## Yan Han's blog

On Computer Technology

 Tags

## Problem Statement

Figure out the type of the following Haskell code, why it has that type, and what it does:

``````(.) . (.)
``````

## Solution

It is trivial to type `:t (.) . (.)` into ghci to get the following:

``````(.) . (.) :: (b -> c) -> (a1 -> a -> b) -> a1 -> a -> c
``````

What is more difficult is to figure out why this, and not something else, is the type of `(.) . (.)`. We shall do exactly that here.

First, we have to realize that `(.) . (.)` can also be written as:

``````(.) (.) (.)
``````

which is its prefix equivalent form. Then, we make use of the fact that in Haskell, function application is left associative. So the same code can be written as:

``````((.) (.)) (.)
``````

Now, we have the job of figuring out the type of:

``````((.) (.))
``````

If we type that into ghci, we get:

``````(a1 -> b -> c) -> a1 -> (a -> b) -> a -> c
``````

which may actually look more intimidating than the type of `(.) . (.)`. So why does `(.) (.)` have the above type?

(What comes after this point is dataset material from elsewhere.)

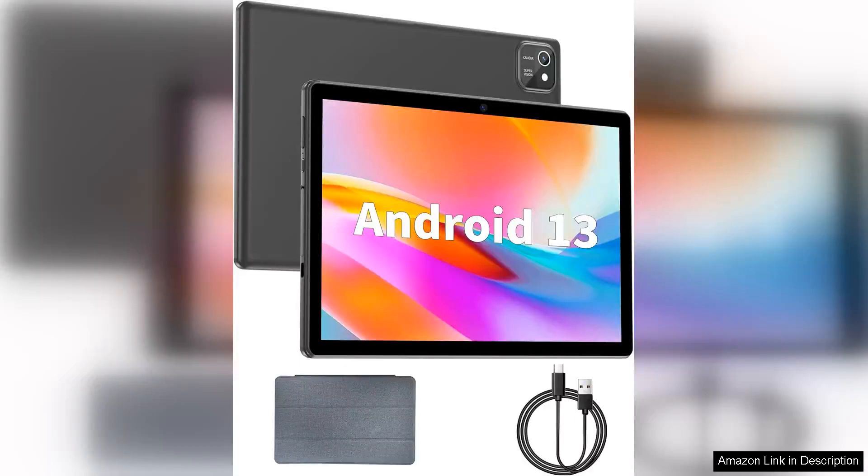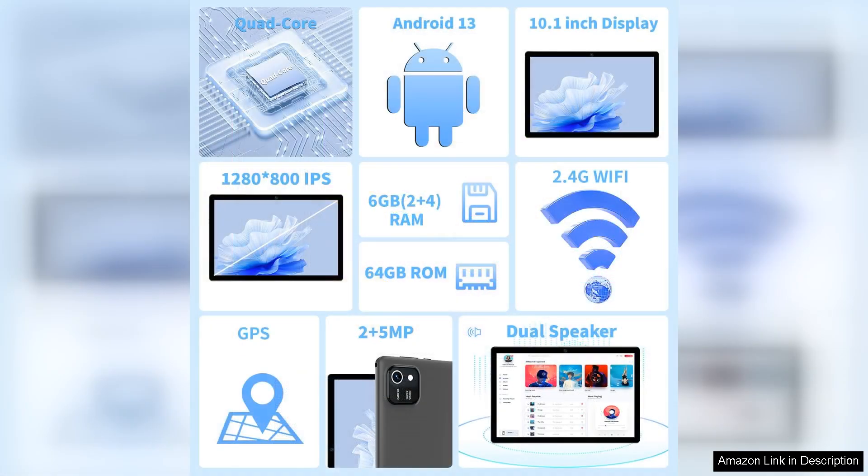I recently purchased the 10-inch Android 13 tablet with 6GB RAM and 64GB storage, and I must say it exceeded my expectations in several areas. Right out of the box, the sleek design and vibrant display caught my attention. The 10-inch screen offers sharp visuals and vibrant colors, making it perfect for streaming videos, browsing the web, or even reading e-books.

Recall that the compose operator `(.)` has type:

``````(b -> c) -> (a -> b) -> a -> c
``````

Now we try to match the types. In `(.) (.)`, we rename the type variables so that the `(.)` that serves as the argument has the type

``````(b1 -> c1) -> (a1 -> b1) -> a1 -> c1
``````

Since this `(.)` is just 1 argument, we must have that `(b -> c)` in the compose that’s being called be of type `(b1 -> c1) -> (a1 -> b1) -> a1 -> c1`. Using the fact that the `->` operator is right associative, we must have the following type matches:

``````b: (b1 -> c1)
c: (a1 -> b1) -> a1 -> c1
``````

So after taking `(.)` as its first argument, the type of the compose being called is now:

``````(a -> b) -> a -> c
``````

before substitution. Now we perform the substitution and get:

``````(a -> (b1 -> c1)) -> a -> (a1 -> b1) -> a1 -> c1
``````

Renaming `b1` to `b` and `c1` to `c`, we get

``````(a -> (b -> c)) -> a -> (a1 -> b) -> a1 -> c
``````

We can also remove the inner parentheses in `(a -> (b -> c))` (because there are only 1 argument functions in Haskell) to get:

``````(a -> b -> c) -> a -> (a1 -> b) -> a1 -> c
``````

Then we swap the names of `a1` and `a` to get:

``````(a1 -> b -> c) -> a1 -> (a -> b) -> a -> c
``````

which is the type of `(.) (.)` that we got from ghci.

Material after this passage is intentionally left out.